(ASSIGNED TASK):
For the data that follows, return each line unchanged and drop the pictures.

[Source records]
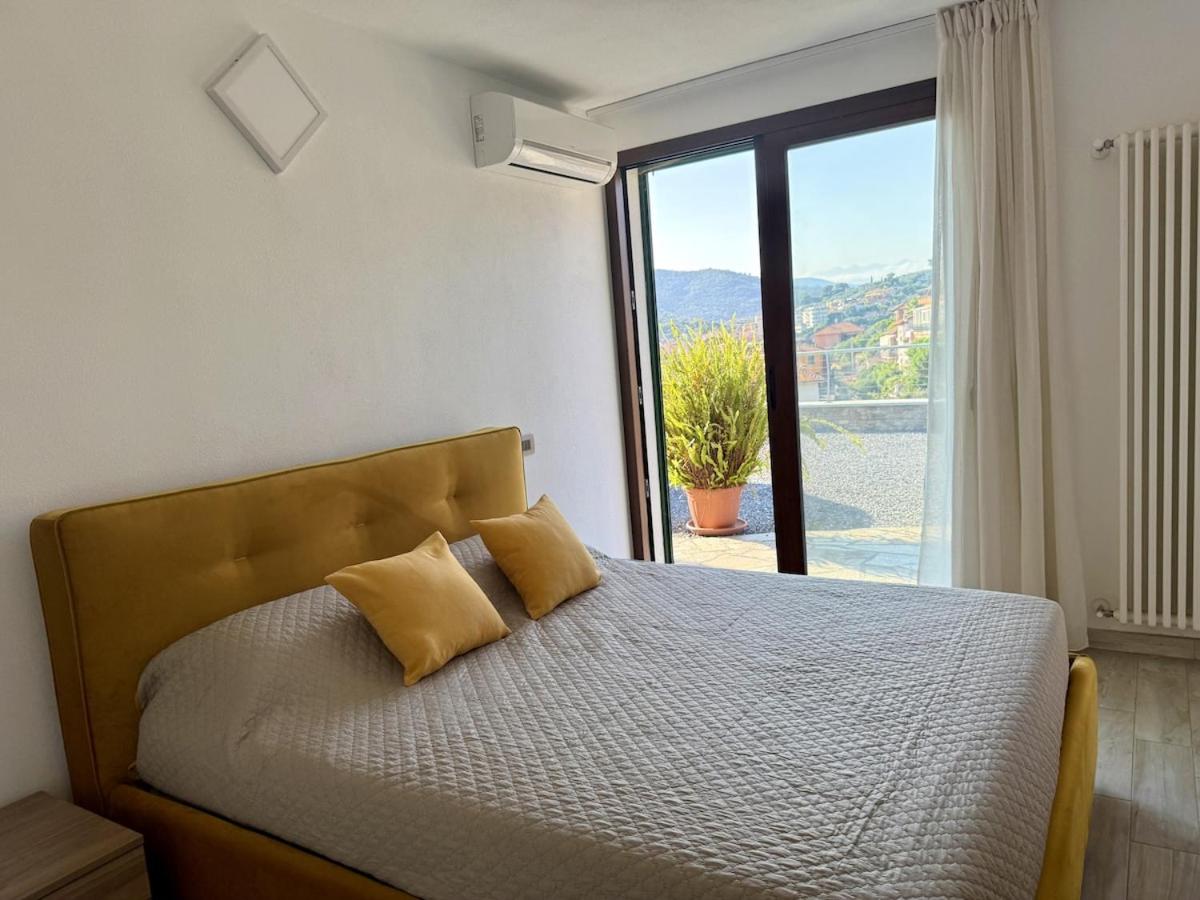 HOST4U - Nuovo Appartamento con Ingresso Indipendente e Parcheggio Privato - Villa Catocce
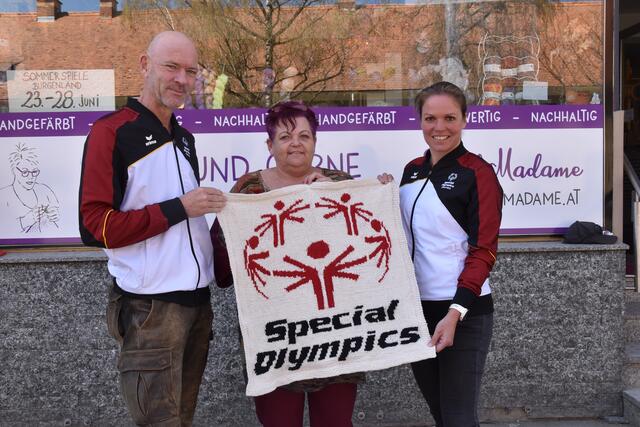 Ein Logo von der "StrickMadame": Jürgen Winter, Dagmar Frühwirth-Sulzer, Birgit Morelli | Foto: Michael Strini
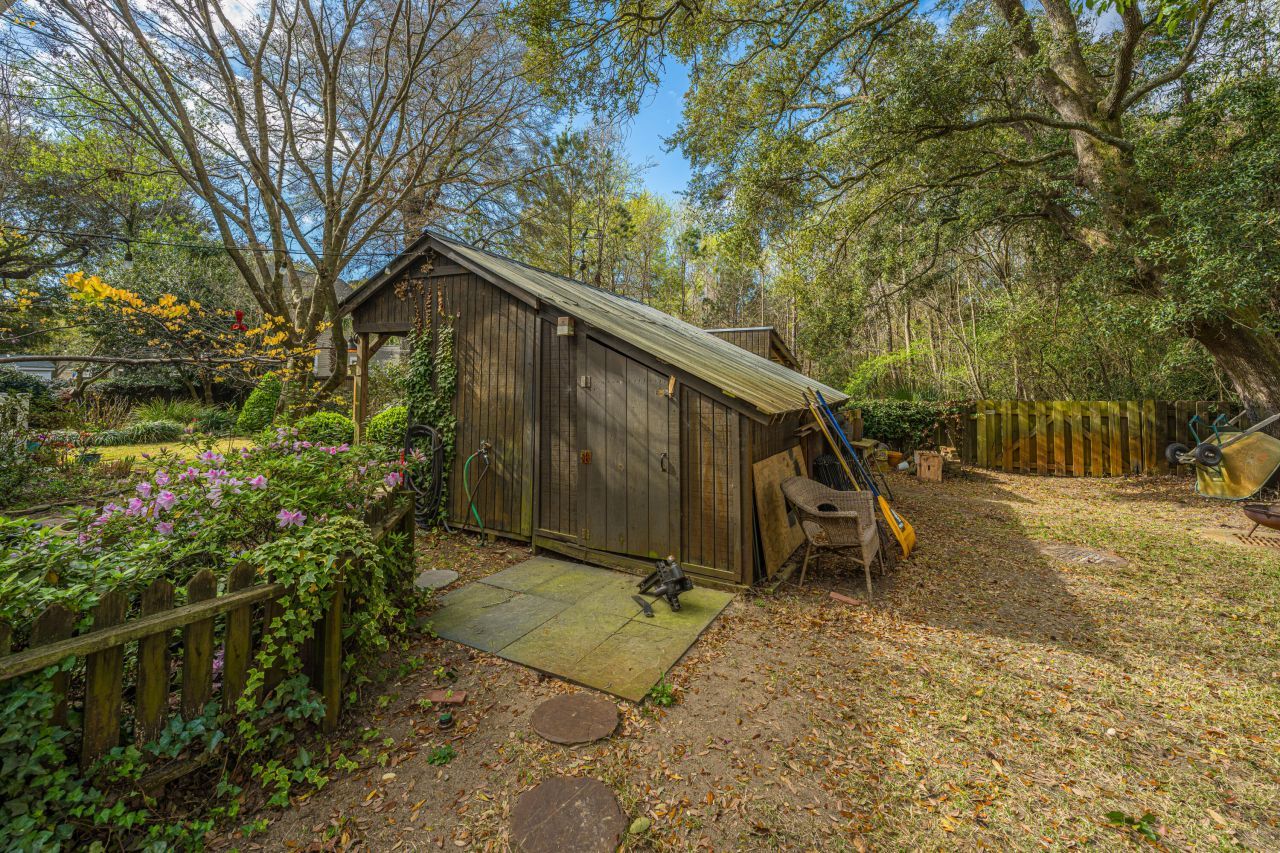 1109 Lazy Lane Court Photo 44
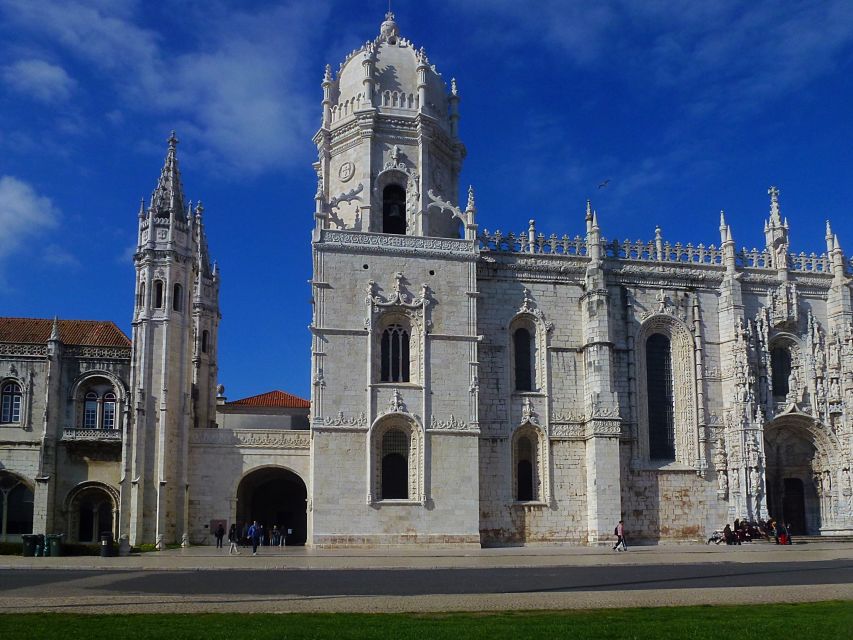 Lisbon: Scenic Sightseeing Private Tour by Minivan - Key Points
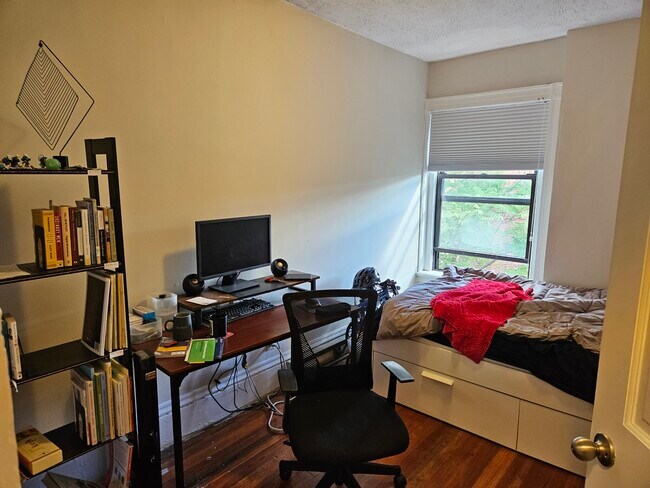 Foto del edificio - 614 Columbus Ave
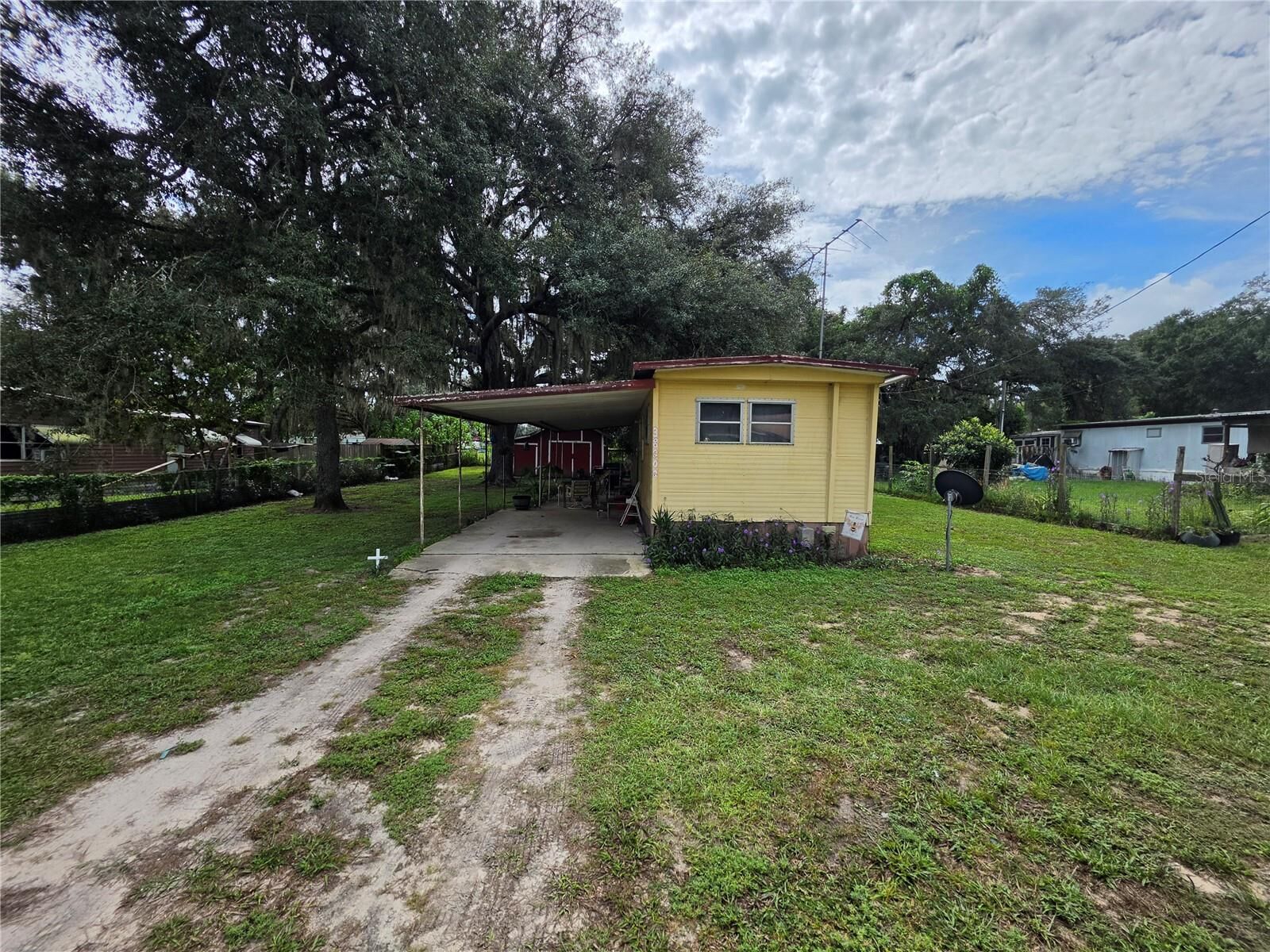 Property Photo:  38202 Ruth Avenue  FL 33540 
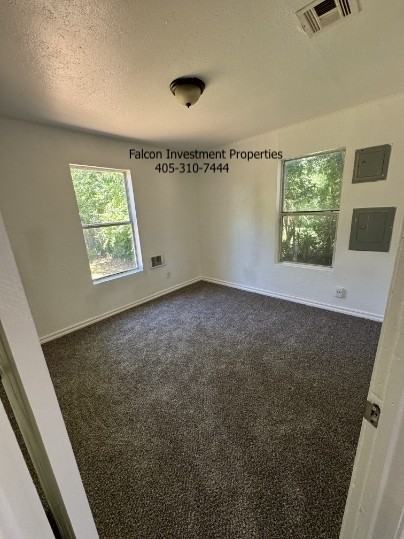 1431 Ne 29th St #14984953 - Photo 3 of 8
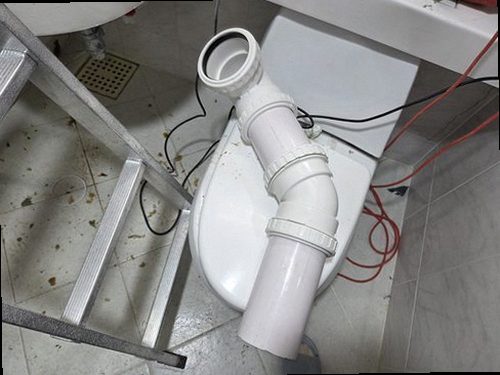 미추홀구 누수탐지 물자국 위치와 계량기 상태를 확인하는 점검 준비 장면
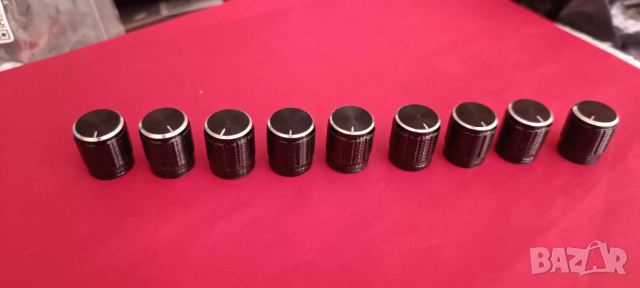 Черни кnobs (врътки) за апаратура ,ефекти и други 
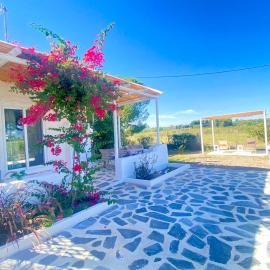 Peaceful Cottage House By The Sea - Private Garden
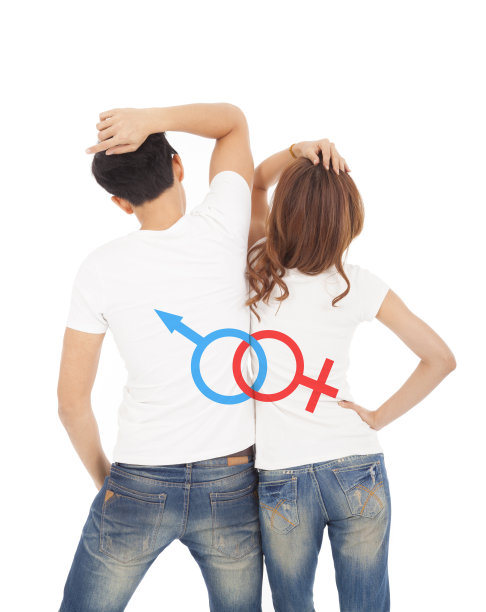 一对白色t恤背面印有性标志的夫妇图片下载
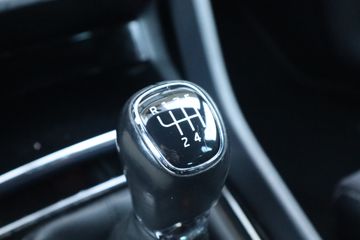 Voertuigafbeelding 25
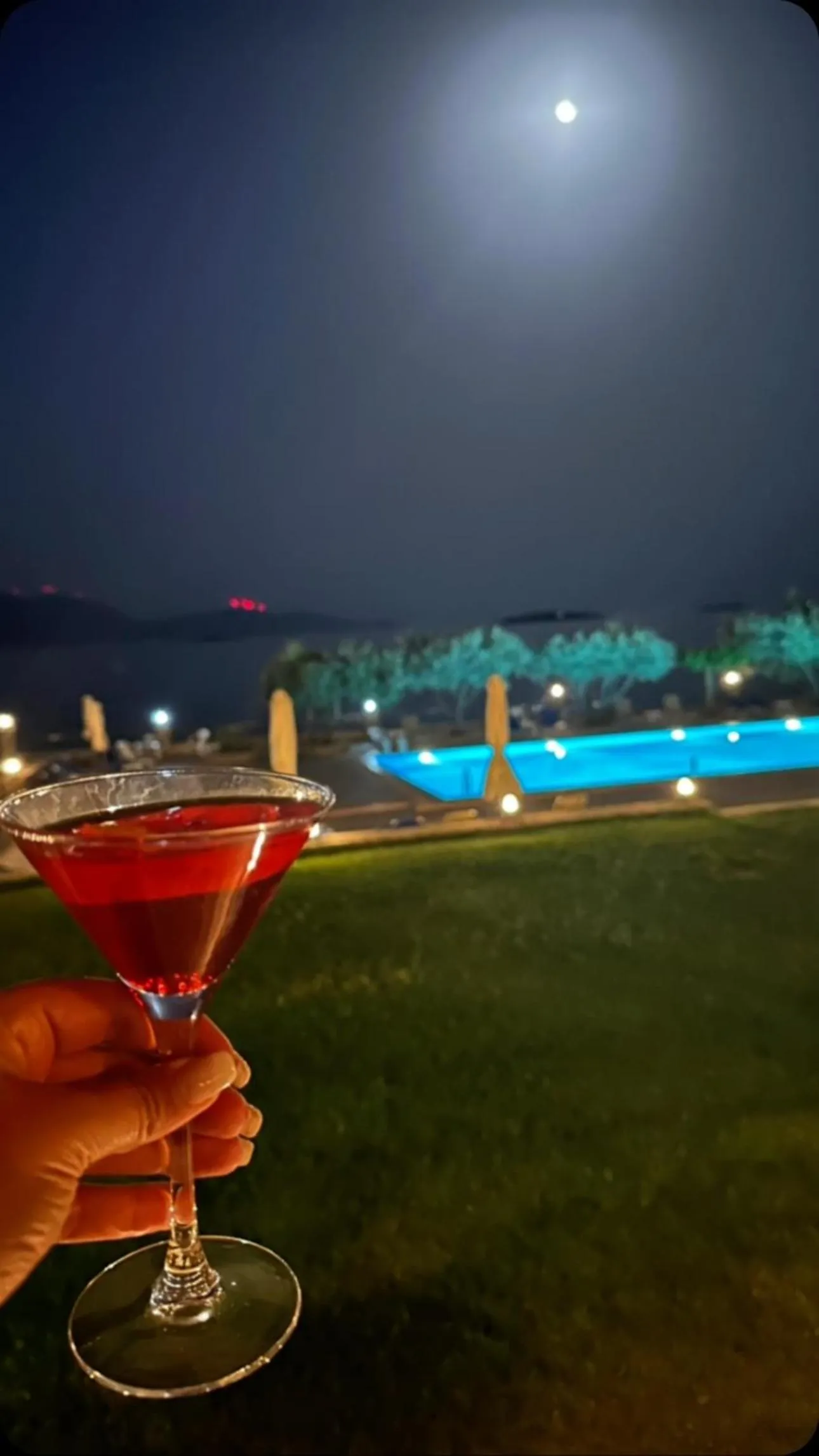 Restaurant/places to eat in Europa Beach Hotel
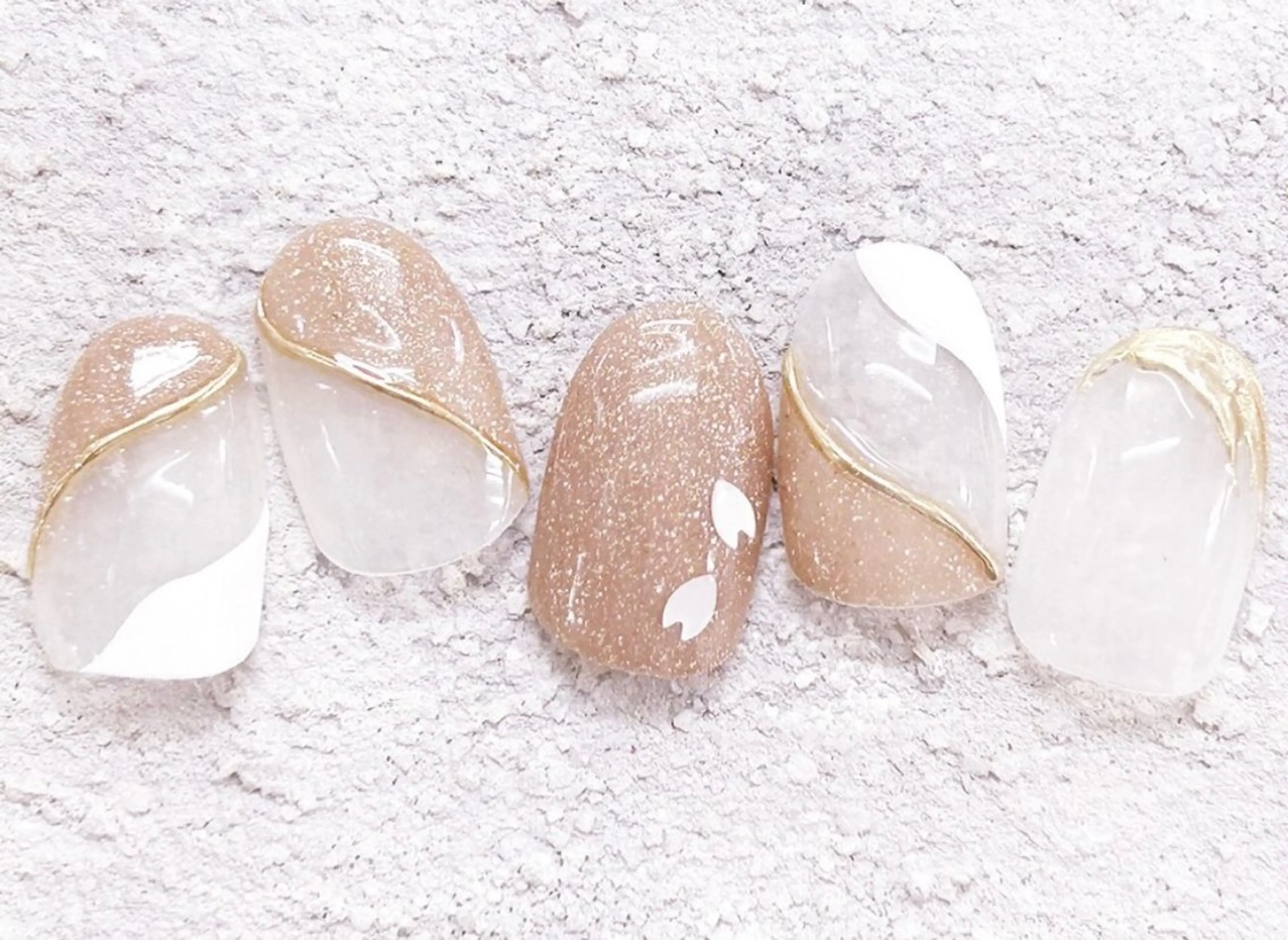 ネイル 大塚眉毛|ハンドケア |肌管理の眉毛・アイブロウイメージ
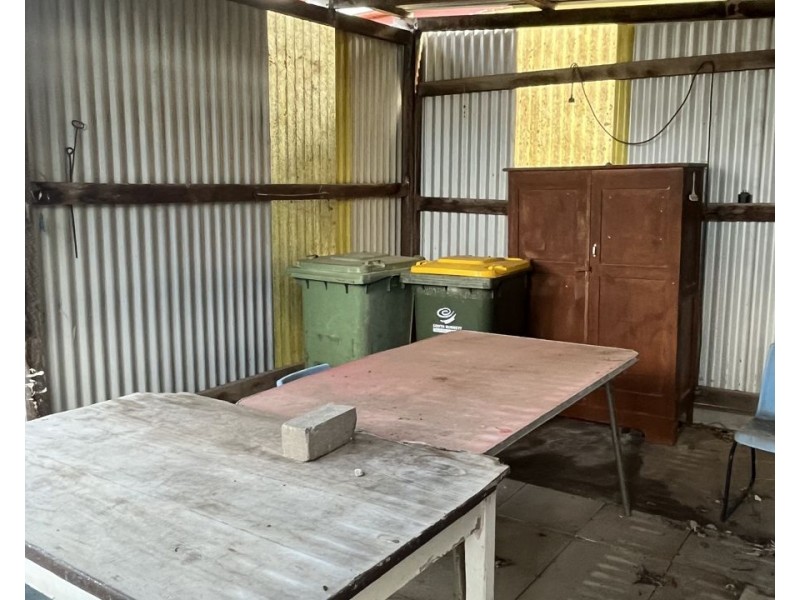 12 Taylor Street East, Murgon QLD 4605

(PROBLEM SOLUTION):
 HOST4U - Nuovo Appartamento con Ingresso Indipendente e Parcheggio Privato - Villa Catocce
 Ein Logo von der "StrickMadame": Jürgen Winter, Dagmar Frühwirth-Sulzer, Birgit Morelli | Foto: Michael Strini
 1109 Lazy Lane Court Photo 44
 Lisbon: Scenic Sightseeing Private Tour by Minivan - Key Points
 Foto del edificio - 614 Columbus Ave
 Property Photo:  38202 Ruth Avenue  FL 33540 
 1431 Ne 29th St #14984953 - Photo 3 of 8
 미추홀구 누수탐지 물자국 위치와 계량기 상태를 확인하는 점검 준비 장면
 Черни кnobs (врътки) за апаратура ,ефекти и други 
 Peaceful Cottage House By The Sea - Private Garden
 一对白色t恤背面印有性标志的夫妇图片下载
 Voertuigafbeelding 25
 Restaurant/places to eat in Europa Beach Hotel
 ネイル 大塚眉毛|ハンドケア |肌管理の眉毛・アイブロウイメージ
 12 Taylor Street East, Murgon QLD 4605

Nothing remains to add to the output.